The young May moon stole up and out, and, in sickness at the sight, drew a passing cloud across her face. The horse that, miles away, carried a frantic woman and her child, stumbled in the shadow, and, half recovering itself, and again sinking, pitched its riders upon the turf.
They rose immediately, to find themselves upon the fringe of a dense wood, remote, unknown, but a haven of desperate refuge in their plight.
“Art thou hurt, child?” whispered the breathless woman.
“No, mother.”
“Come, then. No other choice is ours but death and outrage. We must take shelter where we can.”
She seized his hand—he was a pretty, delicate boy of eleven—and together they entered among the trees. All was strange and voiceless there, yet the leaves were not so full-grown but that the moonlight penetrating might help them a little on their way. It sparkled softly on the woman’s girdle, and on her little turbaned cap, and on the jewels, which she had not thought in her haste to remove or hide, clasped about her white neck; it peopled the glades with moving phantoms, mystic and watchful. She felt the little hand in hers clutch and quiver, and squeezed it, drearily responsive.
“Better,” she said, “these thousand spectres than a single sword of the usurper.”
She was only thirty-four, and of those years she had spent five in the Tower. Yet, born as she was a child of sorrow, always the sport of faction, her baby rattle the roll of drums, her games real warriors and real warfare, her indomitable spirit, wasting itself for ever in fruitless struggles and on timorous souls, refused still to acknowledge its own eclipse. She had fought, had she known it, her weak husband’s cause to within sight of the end, but the fire in her heart, though in the full front of this disaster, was not yet wholly extinguished. Only a tragic woe lined her beautiful face, and she clung half hysterically to this one shadow out of all her dreams which remained to her.

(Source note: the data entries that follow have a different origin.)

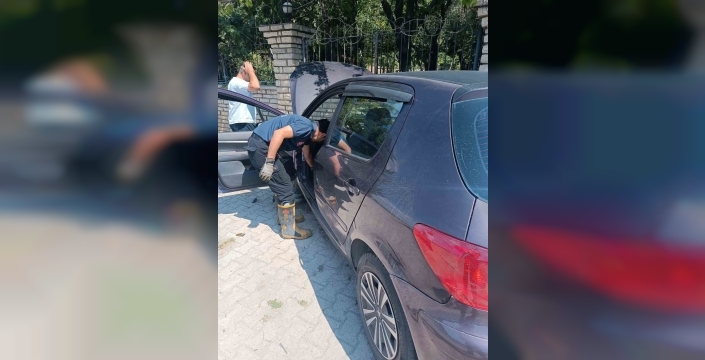 Van''da otomobil duvara böyle çarptı: 1 yaralı!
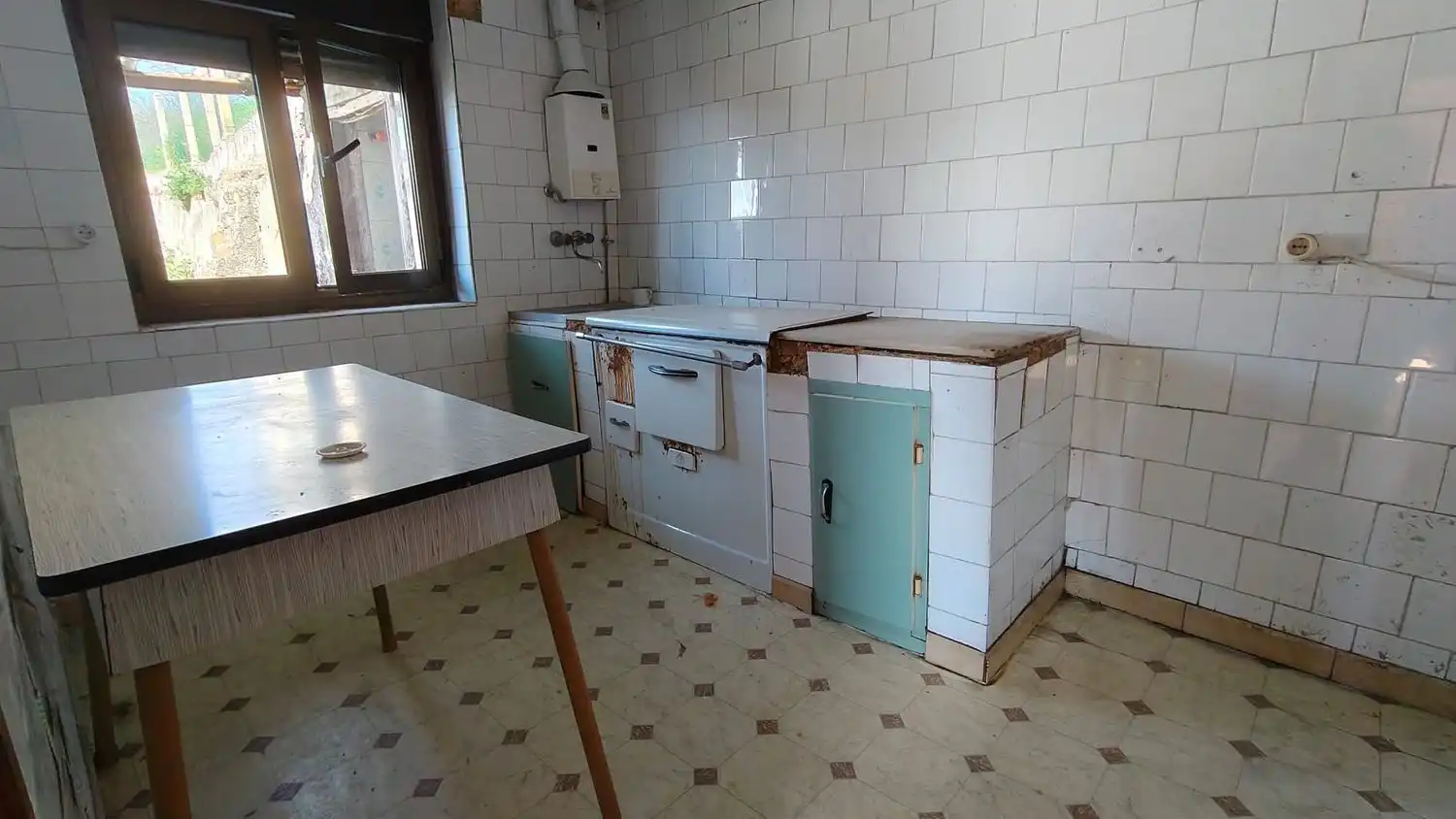 Cuina de Casa o xalet en venda en San Martín del Rey Aurelio amb Piscina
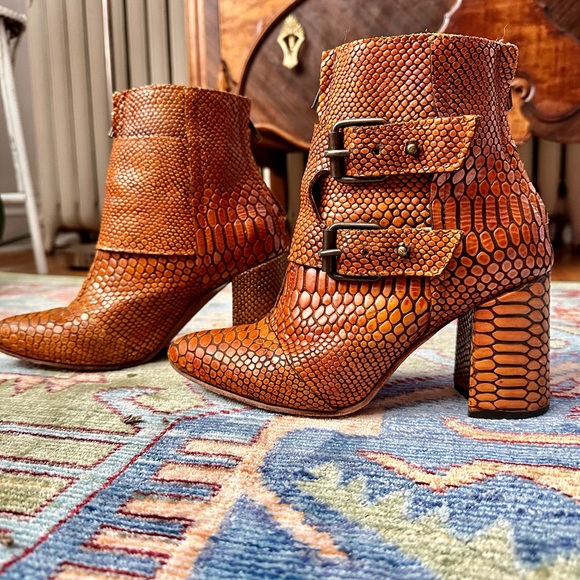 Freebird by Steven Custom Dyed Joey Bootie - Picture 2 of 7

She had been a child herself when her gentle boy was born. They were even now more like brother and mothering sister than son and parent. What hope remained to her was centred entirely in him and his passionate preservation. She carried him into the woods, as a frightened woodcock bears its fledgling, with one only instinct—to put as far and as obscure an interval as possible between their enemies and themselves.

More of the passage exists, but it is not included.